Monday, September 30, 2013

Xenophon: Hiero

Marble bust of Xenophon (from Wikimedia).
In this dialogue by Xenophon, the tyrant Hiero of Syracuse tells the poet Simonides that his job offers far less joy than the ordinary life of a citizen. Simonides responds by instructing Hiero to become a generous and kind ruler, so that his subjects will come to love him.

Live by the Sword

The core of Hiero's complaints is fear: Fear of rebellion, conspiracy, assassination, and treason. When a citizen kills an enemy in battle, Hiero explains, he can publicly boast and rejoice; but when a tyrant executes a conspirator, he needs to hush down the incident and justify his actions, anxious of the resentment it might provoke (II, 15–17).

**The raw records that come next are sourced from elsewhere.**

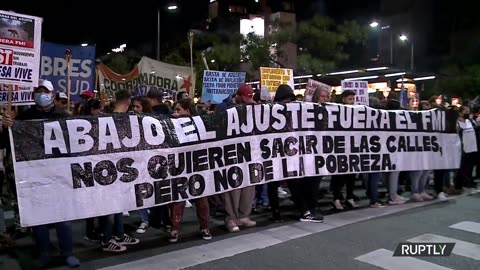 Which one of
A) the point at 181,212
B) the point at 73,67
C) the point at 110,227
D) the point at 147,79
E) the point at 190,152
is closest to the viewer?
the point at 110,227

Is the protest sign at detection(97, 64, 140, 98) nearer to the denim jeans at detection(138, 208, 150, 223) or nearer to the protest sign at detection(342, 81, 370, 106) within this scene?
the protest sign at detection(342, 81, 370, 106)

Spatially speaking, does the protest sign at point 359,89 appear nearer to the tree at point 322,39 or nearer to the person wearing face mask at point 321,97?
the person wearing face mask at point 321,97

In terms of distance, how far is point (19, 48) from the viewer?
5188mm

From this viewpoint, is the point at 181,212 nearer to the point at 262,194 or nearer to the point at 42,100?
the point at 42,100

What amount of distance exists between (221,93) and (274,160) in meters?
4.10

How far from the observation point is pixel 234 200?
20.7ft

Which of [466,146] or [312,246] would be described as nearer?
[312,246]

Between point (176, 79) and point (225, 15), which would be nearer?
point (176, 79)

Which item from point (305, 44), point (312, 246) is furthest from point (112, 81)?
point (305, 44)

All of this means that the tyrant must sleep with one eye open, suspicious of everybody:
Drink and sleep I avoid as a snare. To fear a crowd, and yet fear solitude, to fear to go unguarded, and yet fear the very men who guard you, to recoil from attendants unarmed and yet dislike to see them armed—surely that is a cruel predicament! (VI, 3–4)
Consequently, the tyrant lives "in a perpetual state of war" (IV, 11).

The worst about all this, Hiero continues, is that cementing your own despotic power also means burning your bridges:
[“]For how could any despot ever find means to repay in full all whom he has robbed, or himself serve all the terms of imprisonment that he has inflicted? Or how could he forfeit a life for every man whom he has put to death? Ah, Simonides,” he cried, “if it profits any man to hang himself, know what my finding is: a despot has most to gain by it, since he alone can neither keep nor lay down his troubles with profit.” (VII, 12–13)
Death, it thus seems, is the only possible exit.

"Draw on your private property"

Simonides doesn't buy this. He insists that a tyrant can come to live a life without fear, but it requires that he makes himself well liked:
Take heart then, Hiero; enrich your friends, for so you will enrich yourself. Exalt the state, for so you will deck yourself with power. (XI, 13)
Specifically, this means using his private capital to initiate public construction projects, to equip the citizen army, to hire local rather than foreign horse-breeders, and to generally ensure the economic prosperity of the elite citizens of his polis (XI, 2–5).

Drawing of a coin showing Hiero (from an 1875 Swedish history book)

So the solution, it appears, is to throw around money like it's candy: "For in my opinion the sums that a great despot spends on the city are more truly necessary expenses than the money he spends on himself" (XI, 1).

Policy Recommendations

What are we to make of all of this? Surely Xenophon is not a friend of democracy, and we can't take this dialogue as arguing against the institution of tyranny as such.

Perhaps, instead, the idea is to inspire rulers into the kind of "philosophical tyranny" that Plato tried to bring about in Syracuse without much success. The dialogue could be an elaborate excuse for talking some sense to tyrants who rule in a too short-sighted or egotistical fashion.

If so, then all the lamenting about the fear of rebellion and assassination in the beginning of the dialogue might be a preface intended to show the intended reader that there really isn't any happiness to be expected from excessive power-grabbing and exploitation of the citizenry.

In this way, the text would be parallel to other ancient texts claiming that true happiness comes from wisdom, moderation, and self-discipline rather than unhindered access to food, sex, and power.